A Japanese company has released a reinvented trend. Produced by Felissimo Inc., the new “Hide-and-Seek Kitty Candies” (“dagashi nyanko kakurenbo”) look exactly like fortune cookies, but instead of receiving a token of wisdom, the crackers contain a figurine of a chubby cat.
Instead of coming free at the end of a Chinese takeout meal, a set of two kitty candies - made from senbei rice crackers - costs around 2,300 yen ($20). The kitty candies are the newest in a series of Felissimo’s popular cat-based products, with a different design released each month.
Whether Japan’s new kitty cookies will rival China’s century-long fortune cookie trend is debatable. The fortune cookie industry produces an estimated 3 billion fortune cookies a day – most of which are consumed in Chinese restaurants in the United States.
But as it turns out, Japan may not actually be rivaling China: fortune cookies actually originate in Japan.
According to journalist Jennifer 8. Lee, author of “The Fortune Cookie Chronicles,” it’s a popular myth that fortune cookies come from China.
“There is one place where fortune cookies are conspicuously absent: China,” Ms. Lee wrote in The New York Times.
Indeed, the cookie may have actually originated in Japan. Lee tracked the work of Yasuko Nakamachi, a folklore and history graduate who spent six years investigating the origin of the fortune cookie. In the late 1990s, Nakamachi found a family bakery outside Kyoto that made cookies by hand over a flame.

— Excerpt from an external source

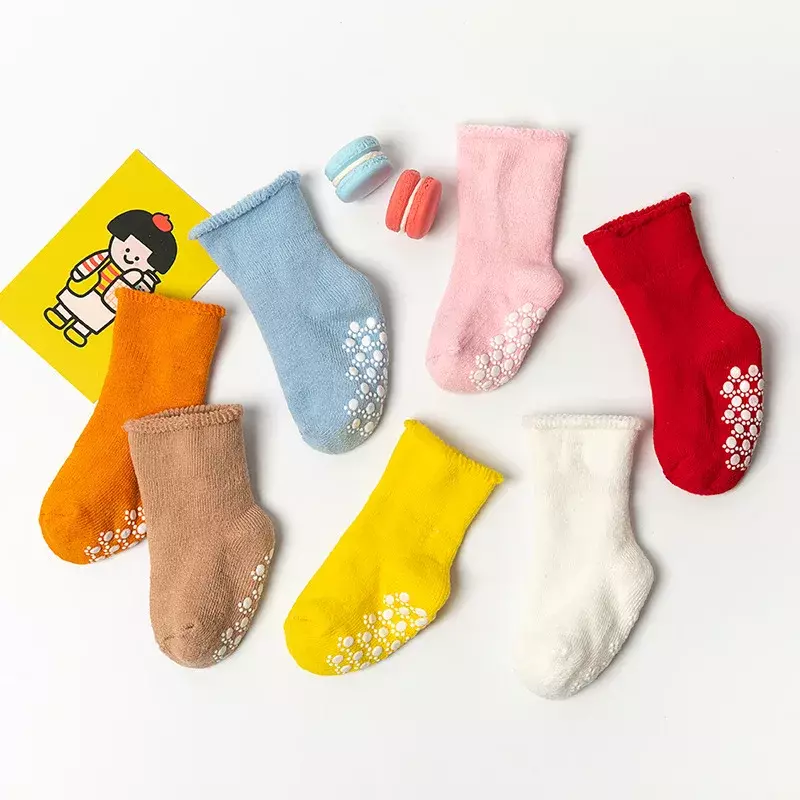 Детские аксессуары, новогодние носки для малышей, милые теплые красные носки для новорожденных девочек 2 года, Нескользящие хлопковые детские носки для пола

The cookies were folded in similar shapes and contained a little piece of paper folded inside. The bakery had been around for decades – far longer than the fortune cookie’s first appearance in California between 1907 and 1914. References to fortune cookies, Nakamachi found, can be found in Japanese literature and textbooks dating back to the 19th century.
Felissimo’s kitty candies are the first design since traditional fortune cookies to hide a surprise inside, and they’re already wildly popular.
But whether they can break into the US market is a different question. The 1938 Federal Food, Drug and Cosmetic Act prohibits all confectionary that "has partially or completely imbedded therein any nonnutritive object, except that this subparagraph shall not apply in the case of any nonnutritive object if, in the judgment of the Secretary as provided by regulations, such object is of practical functional value to the confectionery product and would not render the product injurious or hazardous to health."
Three years ago, over 25,000 Kinder surprise easter eggs were confiscated and banned for containing non-nutritive objects inside. It's not yet clear whether the Japanese kitty cookies comply with the 1938 Act.
"In determining when and whether to take enforcement action against a food, the FDA considers the facts of each particular case," said Lauren Sucher of the FDA. "Any decision by the FDA to take enforcement action is guided by, among other factors, the agency’s assessment of the public health risk presented by the particular food and the resources and tools available to the agency."